Le rapport de la BAD, basé sur des données de 2022, détaille que 79 milliards de dollars partent en primes de risque injustifiées, alors que 90 milliards s’évanouissent à travers des flux financiers illicites, y compris la manipulation des prix et autres pratiques frauduleuses. Mais le plus grave reste les 148 milliards perdus chaque année à cause de la corruption, et les 275 milliards transférés illégalement par des multinationales sous forme de bénéfices détournés. Ces montants traduisent un pillage systématique qui prive l’Afrique de ressources cruciales.
Historiquement, l’Afrique subit une double peine : d’un côté, elle supporte une influence extérieure qui dicte les prix et les valeurs monétaires ; de l’autre, elle est enfermée dans une image de continent surendetté, alors qu’elle est, en réalité, un créancier net vis-à-vis du reste du monde. Cette situation reflète non seulement un déséquilibre dans les flux financiers, mais aussi l’incapacité des systèmes fiscaux locaux à contrer les stratégies d’évasion pratiquées par des multinationales, malgré les alertes lancées depuis des décennies par des organisations comme Tax Justice Network.
Les initiatives internationales pour contrer cette hémorragie, notamment celles de l’OCDE visant à imposer plus de transparence et à instaurer un impôt minimum, peinent à porter leurs fruits, même dans les pays du G20. Le professeur Urama souligne que ces mesures restent largement inopérantes et appelle à repenser la perception du risque en Afrique, qui enregistre le plus faible taux de défaut (1,9 %) sur ses projets d’infrastructure, contre 12,4 % en Europe de l’Est. Il insiste sur l’urgence de réformer les règles de transparence financière à tous les niveaux.
L’incapacité à stopper ces fuites prive l’Afrique des ressources nécessaires pour financer ses infrastructures, réduire sa dépendance aux importations et renforcer sa résilience face aux chocs externes, y compris les effets du changement climatique. En 2023, les investissements directs étrangers, les aides publiques et les transferts de la diaspora ont reculé, à l’exception des investissements en portefeuille, signe d’une vulnérabilité accrue.

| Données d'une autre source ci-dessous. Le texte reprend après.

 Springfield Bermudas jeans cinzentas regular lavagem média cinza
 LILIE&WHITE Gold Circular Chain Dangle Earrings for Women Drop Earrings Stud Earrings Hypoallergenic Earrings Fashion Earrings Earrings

La faiblesse des administrations fiscales africaines est souvent pointée du doigt, mais c’est oublier le rôle central des multinationales et du système financier international opaque qui permet l’érosion des bases fiscales du continent. Des réformes profondes sont nécessaires pour restaurer la souveraineté économique de l’Afrique, mais elles exigent une volonté politique forte et une mobilisation coordonnée entre pays africains.